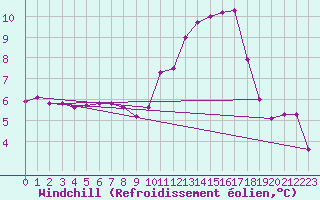 Courbe du refroidissement olien pour Bois-de-Villers (Be)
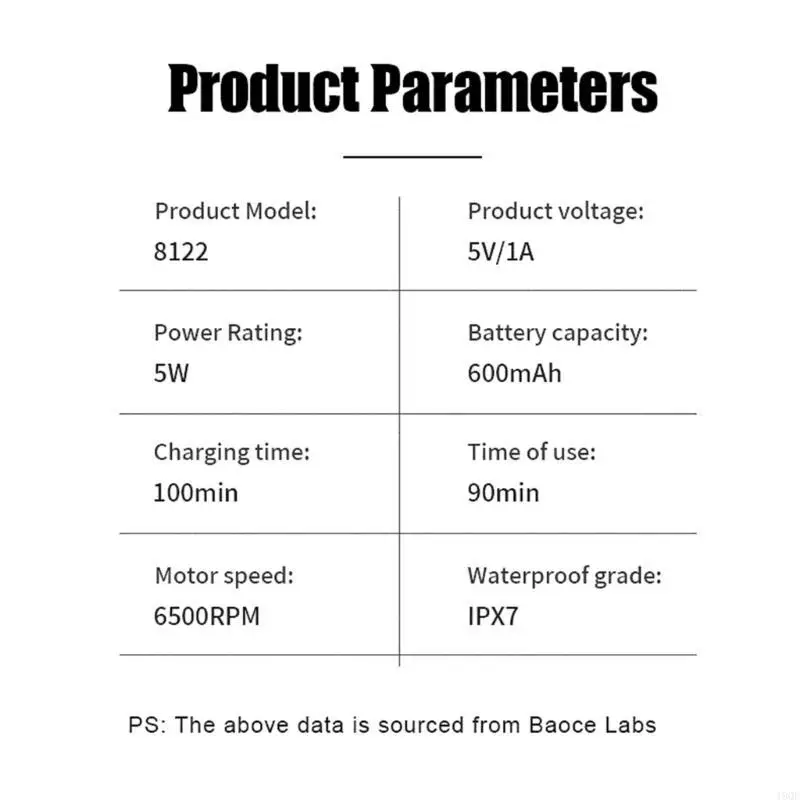 19QE مزيل الشعر لكامل الجسم استخدام العزف على الشعر الكهربائي للرجال والنساء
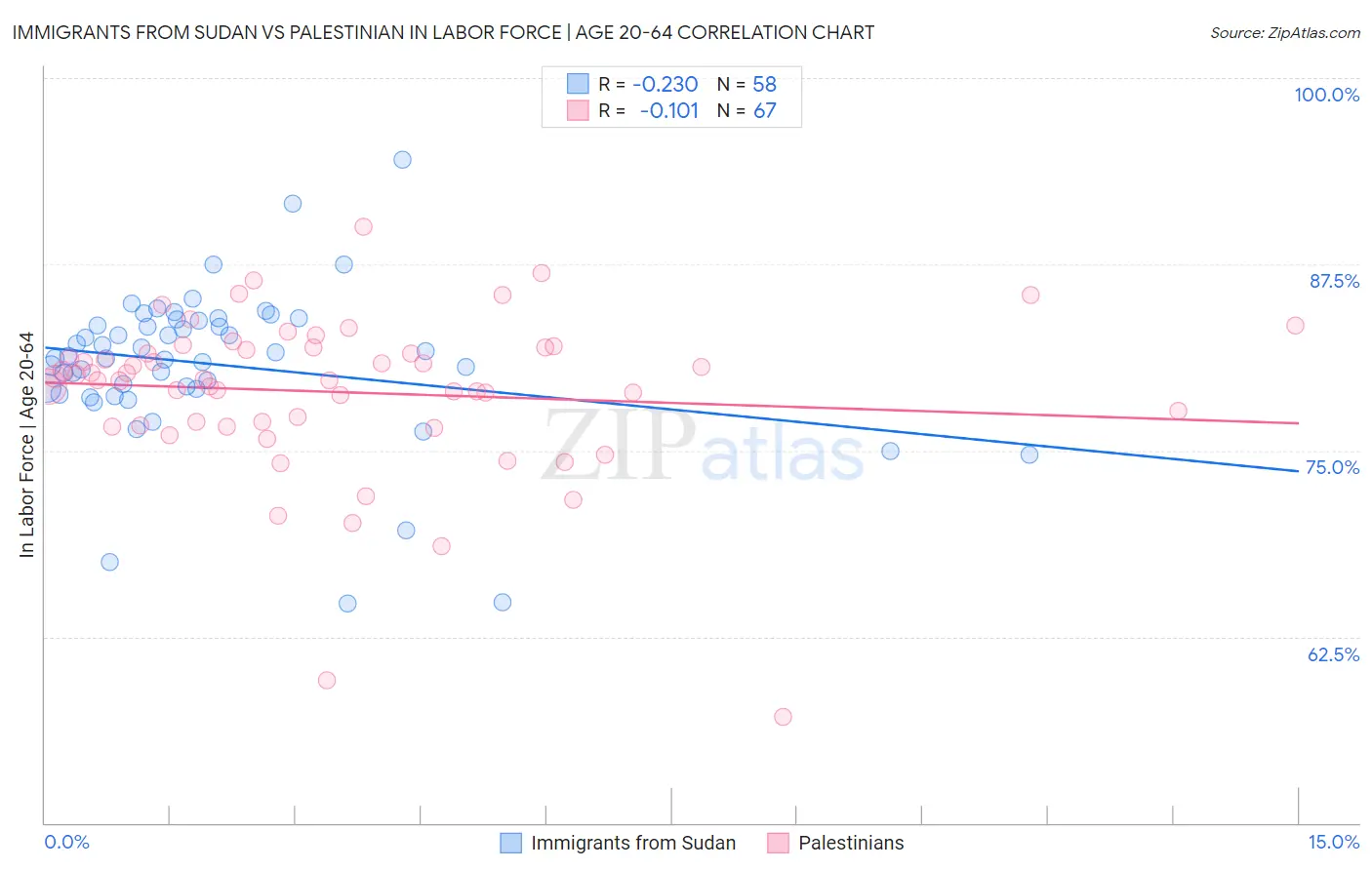 Immigrants from Sudan vs Palestinian In Labor Force | Age 20-64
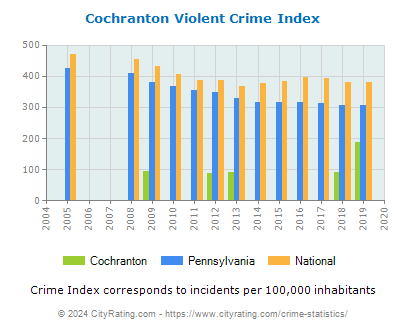 Cochranton Violent Crime vs. State and National Per Capita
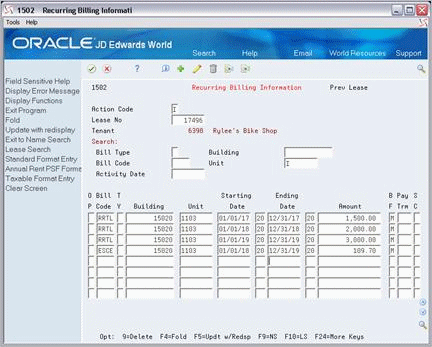 Description of Figure 126-2 follows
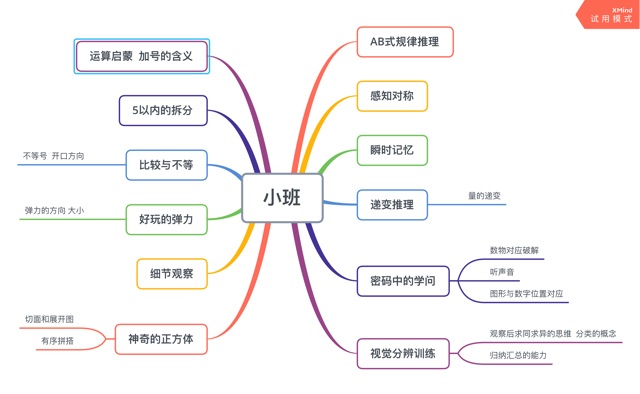 3-4歲數(shù)學(xué)知識(shí)點(diǎn)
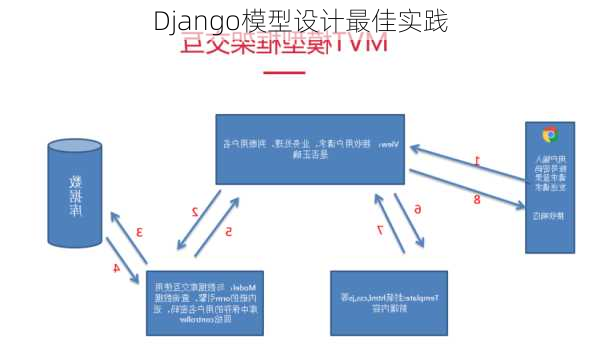 Django模型设计最佳实践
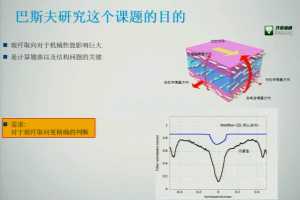 ׼ȷĲȡڲƵҪ-˹- 2014Moldflowûߴʦ ...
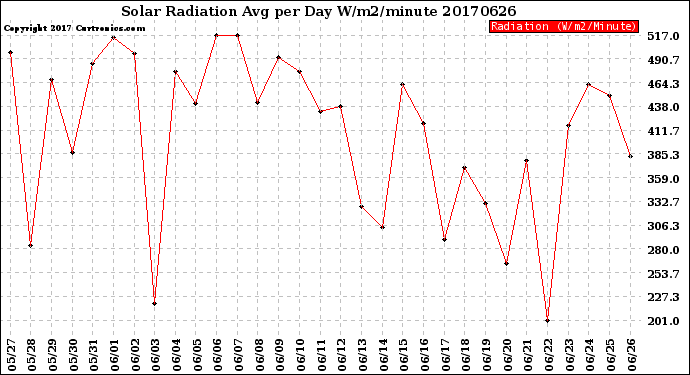 Milwaukee Weather Solar Radiation<br>Avg per Day W/m2/minute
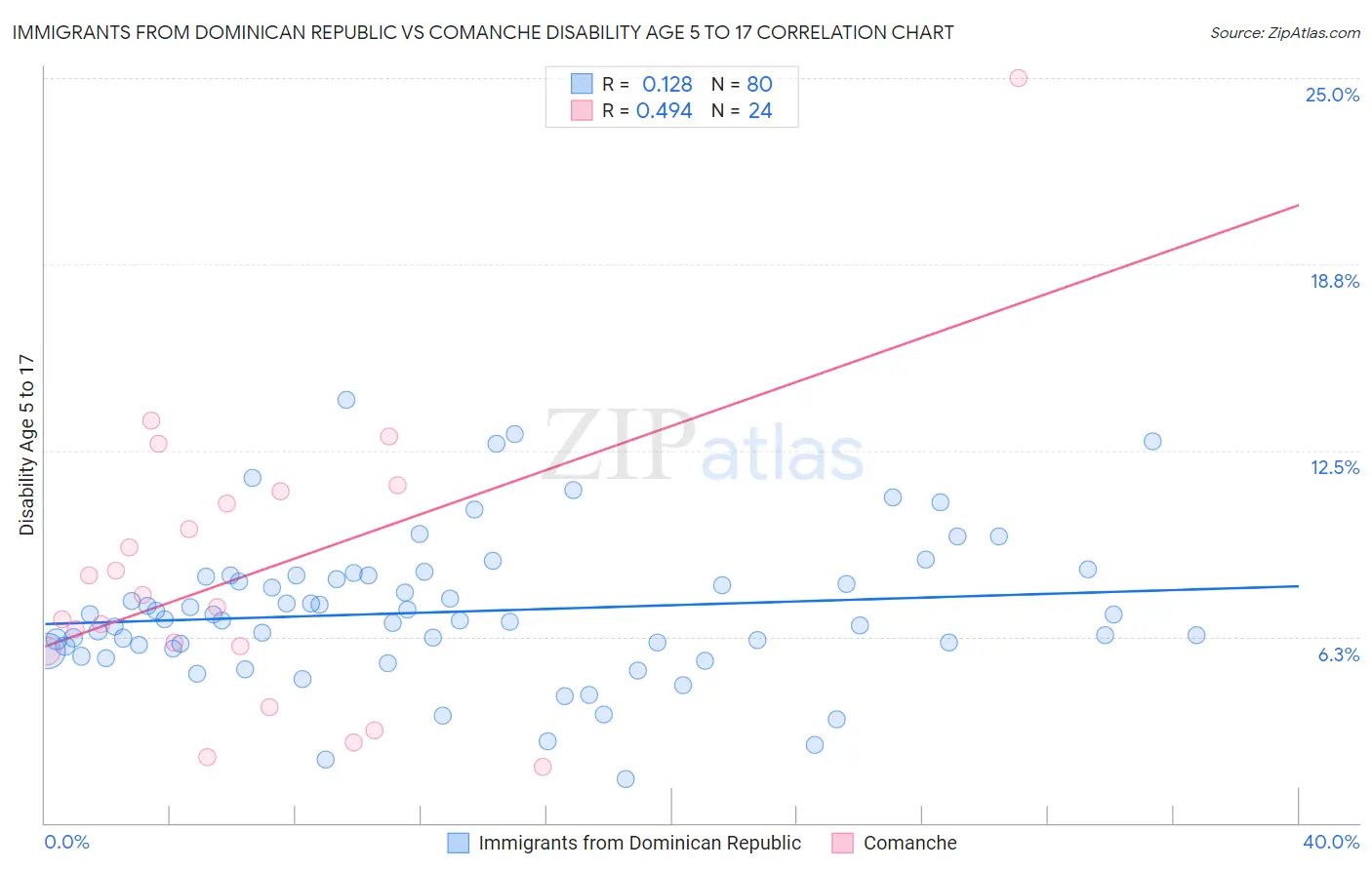 Immigrants from Dominican Republic vs Comanche Disability Age 5 to 17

■ WORK ORDER: Retype the entries verbatim and drop the pictures.

■ RESULT:
 Courbe du refroidissement olien pour Bois-de-Villers (Be)
 19QE مزيل الشعر لكامل الجسم استخدام العزف على الشعر الكهربائي للرجال والنساء
 Immigrants from Sudan vs Palestinian In Labor Force | Age 20-64
 Cochranton Violent Crime vs. State and National Per Capita
 Description of Figure 126-2 follows
 3-4歲數(shù)學(xué)知識(shí)點(diǎn)
 Django模型设计最佳实践
 ׼ȷĲȡڲƵҪ-˹- 2014Moldflowûߴʦ ...
 Milwaukee Weather Solar Radiation<br>Avg per Day W/m2/minute
 Immigrants from Dominican Republic vs Comanche Disability Age 5 to 17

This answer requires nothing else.